Hardcover: 352 pages
Publisher: Amberley Publishing (15 May 2016)
The hardback is a slim handsome production, brown with gold writing and a thistle as a frontispiece. To the rear a few snippets from inside and a picture of St Paul’s Cathedral. It consists of just about 300 reading pages, not counting index, select bibliography etc. At the centre is a well chosen selection of images, including photographs of important buildings, some taken by the author.
One day in 1603 a young auburn haired man with fragile, aquiline features and a generally downcast expression rode across the border of Scotland into England. The man had been King James VI of Scotland, but on the passing of Queen Elizabeth James Stuart of Scots also became King James I of England, and so a new age dawned for the British Isles. The idea of doing a day in the life of some such person is a tried and true way of getting under their skin, so why not apply the same method for a year, and have a look at what 17th century people did or could do in 365 days.
Now as a note, because I am aware of some nit picky fiends out there who have issues with the title. Although the political entity of Great Britain would not be, railroaded onto the island kingdom by his descendant Queen Anne, James I & VI had a vision of a unified Kingdom centred on the throne he now occupied, which being in London, more specifically meant the person of the monarch. It is from James’ vision that the Union Jack emanated from, and the concept of a unified state, which with the passing of a century would be called Britain.
It is from this first “British” Stuart, then, to the last that Andrea Zuvich chooses to bookend her examination into the fabric of 17th century and early 18th century Britain. Many Sottish nationalists who condemn the exclusion of the previous centuries of Stuart rule in Scotland, miss entirely the concept of the Stuart age in Britain, a term which specifically singles out the period between 1603 and 1714. People looking for a history of entire Stuart line should therefore look elsewhere. But for those interested in James I, the Great Civil Wars, the Restoration, the Revolution’s both Glorious and Monmouthian and the War of the Spanish Succession, you are in for a treat.

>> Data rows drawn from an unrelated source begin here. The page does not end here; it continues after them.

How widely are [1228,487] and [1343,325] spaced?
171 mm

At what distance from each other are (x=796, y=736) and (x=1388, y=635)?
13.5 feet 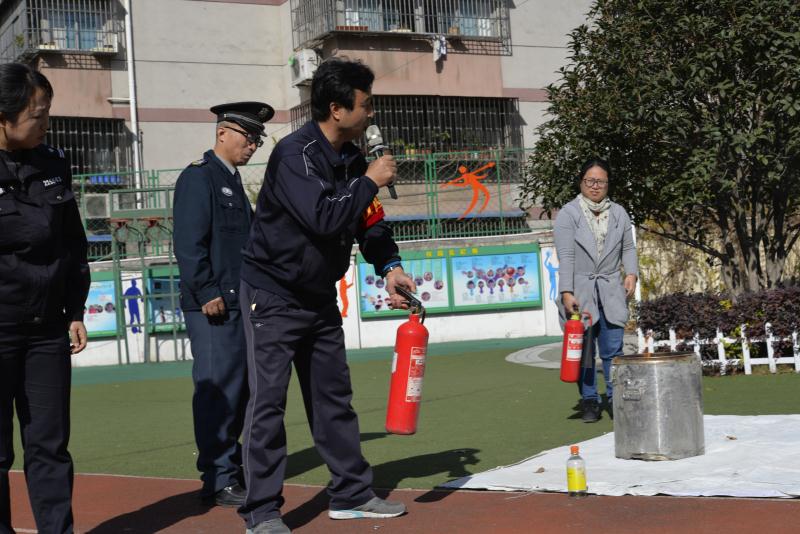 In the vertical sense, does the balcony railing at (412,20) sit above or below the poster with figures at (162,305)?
above

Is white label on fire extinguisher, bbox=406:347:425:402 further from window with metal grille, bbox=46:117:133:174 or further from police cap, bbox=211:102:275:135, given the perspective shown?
window with metal grille, bbox=46:117:133:174

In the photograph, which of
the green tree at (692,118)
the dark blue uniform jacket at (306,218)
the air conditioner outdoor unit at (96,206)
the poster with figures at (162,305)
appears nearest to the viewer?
the dark blue uniform jacket at (306,218)

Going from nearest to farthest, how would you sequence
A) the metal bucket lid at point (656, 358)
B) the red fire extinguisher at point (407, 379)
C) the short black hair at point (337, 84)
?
1. the short black hair at point (337, 84)
2. the red fire extinguisher at point (407, 379)
3. the metal bucket lid at point (656, 358)

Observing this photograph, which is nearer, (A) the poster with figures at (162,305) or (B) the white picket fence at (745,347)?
(B) the white picket fence at (745,347)

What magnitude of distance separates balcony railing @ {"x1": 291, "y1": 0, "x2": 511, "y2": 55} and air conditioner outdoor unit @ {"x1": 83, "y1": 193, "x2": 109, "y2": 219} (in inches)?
262

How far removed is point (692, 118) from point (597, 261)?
3.15m

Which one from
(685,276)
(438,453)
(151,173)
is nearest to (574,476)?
(438,453)

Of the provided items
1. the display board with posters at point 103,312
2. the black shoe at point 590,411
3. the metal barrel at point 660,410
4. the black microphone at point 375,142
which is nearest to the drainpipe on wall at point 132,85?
the display board with posters at point 103,312

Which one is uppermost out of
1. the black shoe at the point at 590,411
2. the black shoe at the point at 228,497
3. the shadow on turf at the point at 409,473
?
→ the black shoe at the point at 590,411

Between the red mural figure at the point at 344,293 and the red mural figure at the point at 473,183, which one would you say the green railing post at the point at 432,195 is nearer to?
the red mural figure at the point at 473,183

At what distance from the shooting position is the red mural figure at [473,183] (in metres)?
22.1

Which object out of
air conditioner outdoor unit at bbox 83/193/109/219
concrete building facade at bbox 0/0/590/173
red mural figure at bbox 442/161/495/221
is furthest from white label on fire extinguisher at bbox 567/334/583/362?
concrete building facade at bbox 0/0/590/173

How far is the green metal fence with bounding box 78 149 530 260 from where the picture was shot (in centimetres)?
2183

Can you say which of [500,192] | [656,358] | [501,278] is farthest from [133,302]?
[656,358] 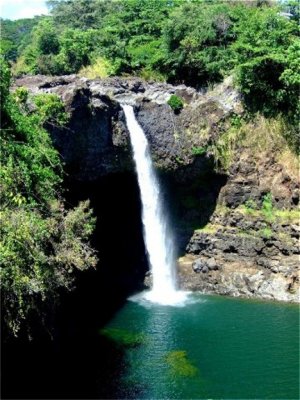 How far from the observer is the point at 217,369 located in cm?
1688

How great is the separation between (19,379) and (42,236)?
441 centimetres

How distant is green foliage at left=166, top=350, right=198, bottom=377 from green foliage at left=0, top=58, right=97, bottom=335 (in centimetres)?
408

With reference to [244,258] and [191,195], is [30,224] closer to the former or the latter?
[244,258]

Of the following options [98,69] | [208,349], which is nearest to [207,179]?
[208,349]

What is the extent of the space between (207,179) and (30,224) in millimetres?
12870

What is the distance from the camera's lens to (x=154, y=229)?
85.9 ft

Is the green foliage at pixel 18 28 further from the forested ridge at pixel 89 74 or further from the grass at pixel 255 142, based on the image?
the grass at pixel 255 142

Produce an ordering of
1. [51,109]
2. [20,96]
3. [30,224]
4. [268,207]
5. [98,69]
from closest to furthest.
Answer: [30,224], [20,96], [51,109], [268,207], [98,69]

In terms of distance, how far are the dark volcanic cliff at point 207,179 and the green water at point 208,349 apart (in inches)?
65.5

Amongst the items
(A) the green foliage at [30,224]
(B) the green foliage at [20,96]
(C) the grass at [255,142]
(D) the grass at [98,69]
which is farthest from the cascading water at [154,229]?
(D) the grass at [98,69]

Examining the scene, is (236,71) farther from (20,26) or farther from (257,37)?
(20,26)

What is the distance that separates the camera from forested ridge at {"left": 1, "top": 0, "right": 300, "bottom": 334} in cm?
1409

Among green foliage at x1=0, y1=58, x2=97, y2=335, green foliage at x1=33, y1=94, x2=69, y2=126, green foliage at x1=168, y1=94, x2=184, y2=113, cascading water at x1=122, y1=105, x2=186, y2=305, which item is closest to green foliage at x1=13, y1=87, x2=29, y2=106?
green foliage at x1=0, y1=58, x2=97, y2=335

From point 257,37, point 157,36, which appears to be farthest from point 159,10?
point 257,37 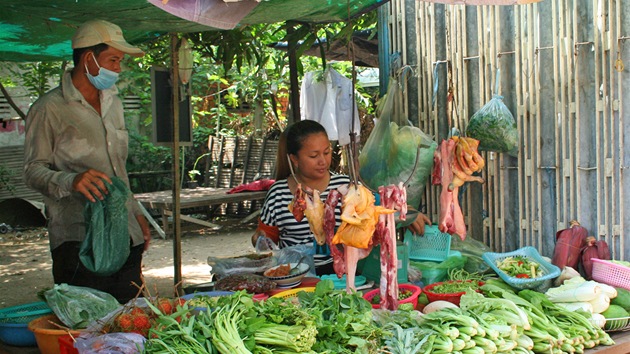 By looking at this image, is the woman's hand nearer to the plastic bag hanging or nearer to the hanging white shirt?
the plastic bag hanging

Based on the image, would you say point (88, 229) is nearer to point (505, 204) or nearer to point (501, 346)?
point (501, 346)

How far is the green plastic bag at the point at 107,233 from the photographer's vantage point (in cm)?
335

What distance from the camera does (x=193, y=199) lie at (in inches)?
399

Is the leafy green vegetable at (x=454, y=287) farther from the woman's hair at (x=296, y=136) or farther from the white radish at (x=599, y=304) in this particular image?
the woman's hair at (x=296, y=136)

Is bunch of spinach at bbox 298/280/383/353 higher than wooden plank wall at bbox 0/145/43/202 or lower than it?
lower

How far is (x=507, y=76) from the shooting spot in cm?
449

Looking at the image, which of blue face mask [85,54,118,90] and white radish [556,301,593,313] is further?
blue face mask [85,54,118,90]

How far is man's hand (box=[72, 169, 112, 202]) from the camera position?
3.32 metres

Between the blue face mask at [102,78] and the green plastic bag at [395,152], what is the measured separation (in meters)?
1.66

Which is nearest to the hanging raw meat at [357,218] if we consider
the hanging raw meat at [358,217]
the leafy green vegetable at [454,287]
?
the hanging raw meat at [358,217]

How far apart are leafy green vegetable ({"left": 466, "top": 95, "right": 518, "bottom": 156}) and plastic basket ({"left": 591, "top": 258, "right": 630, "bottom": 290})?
0.92 metres

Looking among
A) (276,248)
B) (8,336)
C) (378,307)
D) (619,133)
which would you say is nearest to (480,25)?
(619,133)

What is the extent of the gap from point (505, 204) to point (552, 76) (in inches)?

I must say I found this an extremely enjoyable read. The book on the whole presents a wonderful tableau of Stuart era life, anyone reading it, I am sure will come away with a real sense and flavour of the times and it would doubtless be an excellent sensory introduction to the period at hand. If I was to sum it up, I would say that it is a fabulous pictorial mural of 17th century life and it is a work in the spirit of some of Ian Mortimer’s imaginative approaches to presenting history. Each item is entertaining in itself, and when viewed from the distance of the closing page one gets a picture made up of thousands of smaller ones that act together as pixels which give the reader an undeniably rich and sweeping look at this era in British History.
It is entirely possible to read this book as a conventional volume, or if the mood strikes you can read a section day by day as if it was a calendar. As a receptacle of first hand accounts, some well known, some more obscure, it is a great addition to a 17th century library or collection on British history.